(What to produce)
The whole listing is to be given again without alteration, except that its pictures are dropped.

(Provided data)

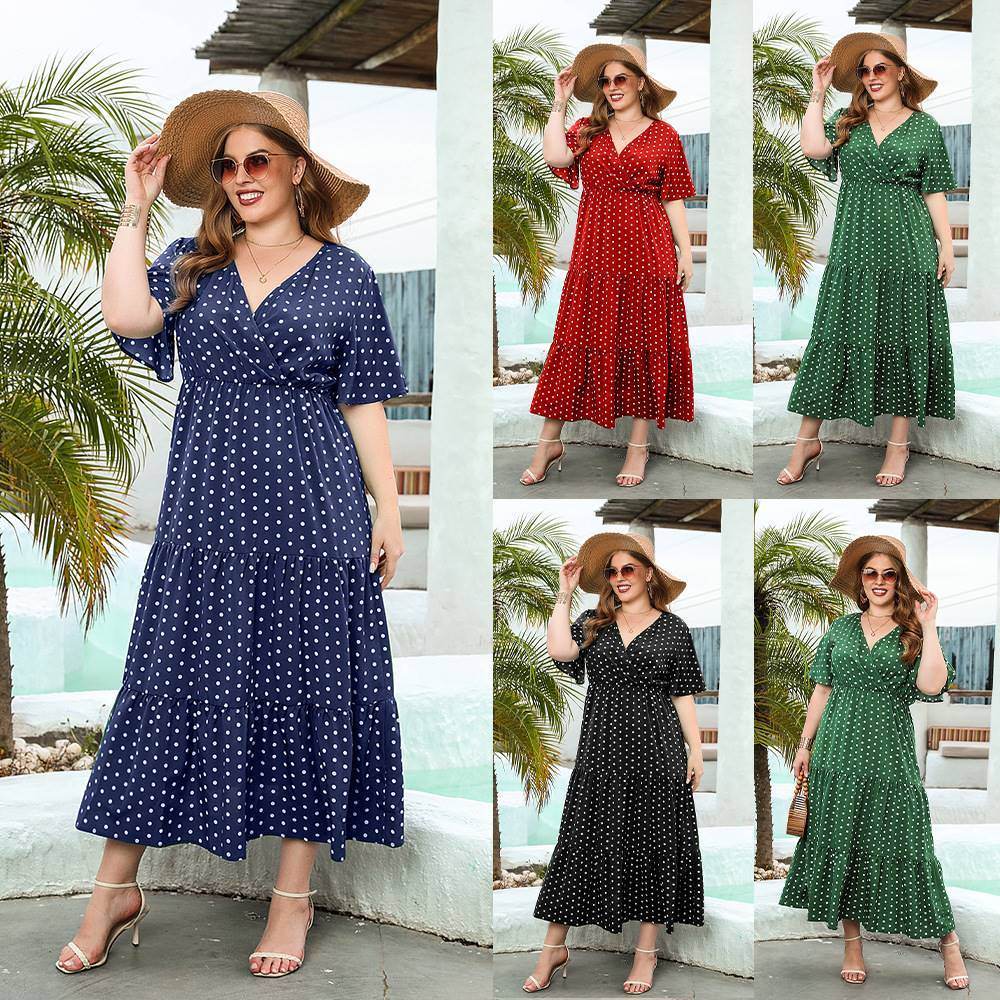 Plus-size Women's Plus-size Polka Dot Casual Holiday Dress - Mubimart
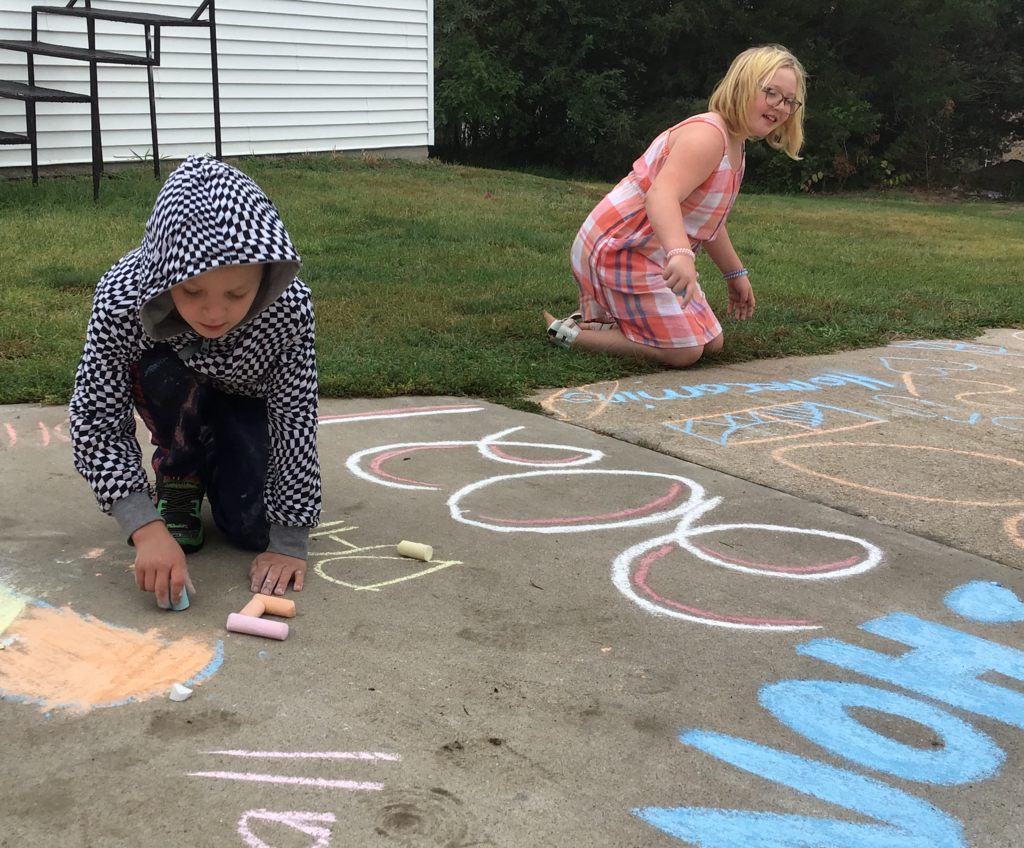 Homecoming sidewalk chalk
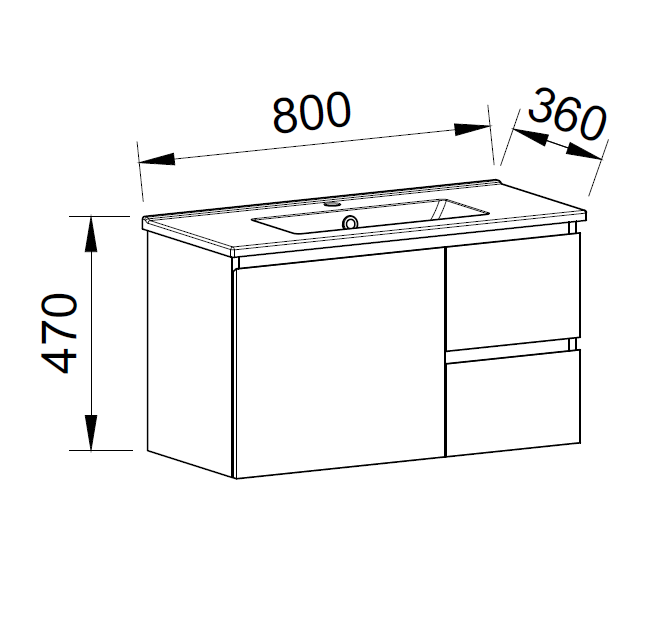 Timberline FLORIDA ENSUITE Single Bowl Wall Hung Vanity (All Sizes)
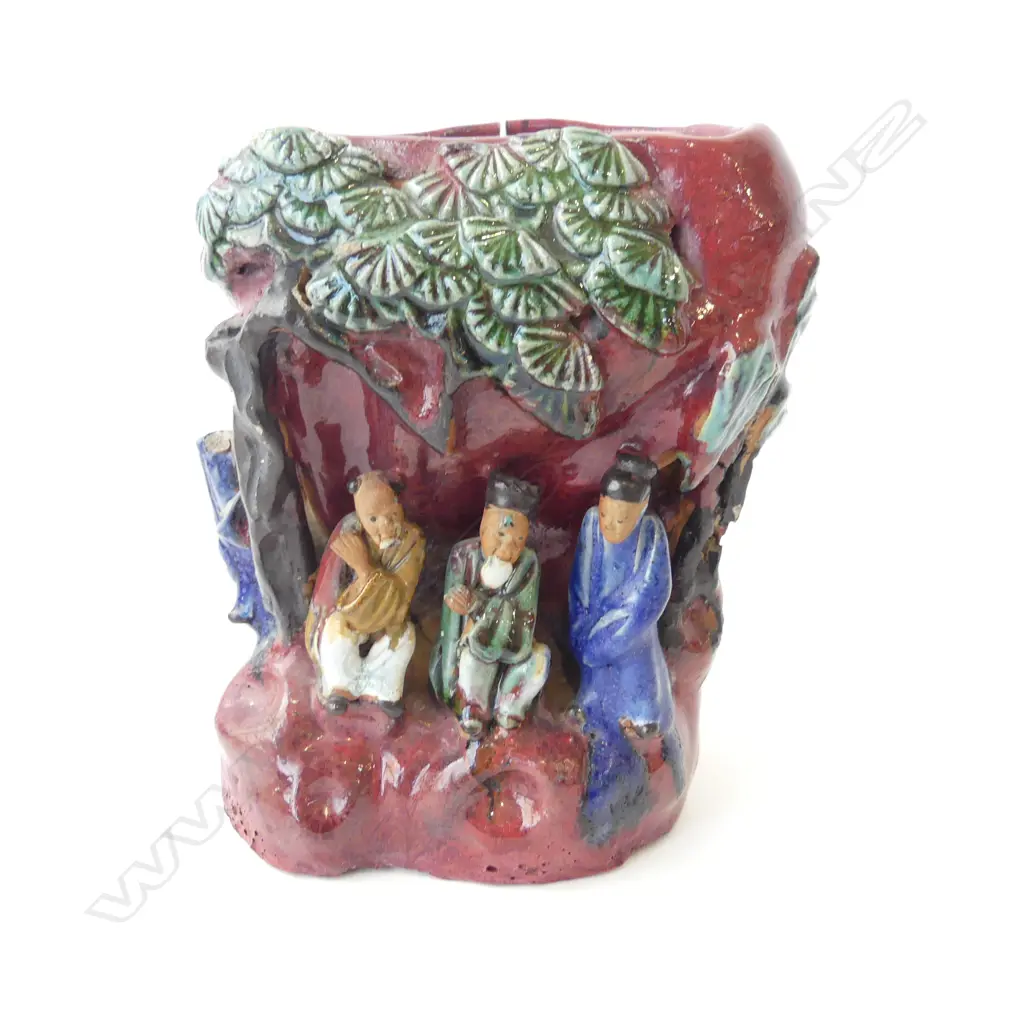 OLD SUMIDI GAWA ( IGERWARE) VASE WITH SUSPENSION HOLE & SOME LOSSES. H.170mm Image 1++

(Solution to this exercise)
 Plus-size Women's Plus-size Polka Dot Casual Holiday Dress - Mubimart
 Homecoming sidewalk chalk
 Timberline FLORIDA ENSUITE Single Bowl Wall Hung Vanity (All Sizes)
 OLD SUMIDI GAWA ( IGERWARE) VASE WITH SUSPENSION HOLE & SOME LOSSES. H.170mm Image 1++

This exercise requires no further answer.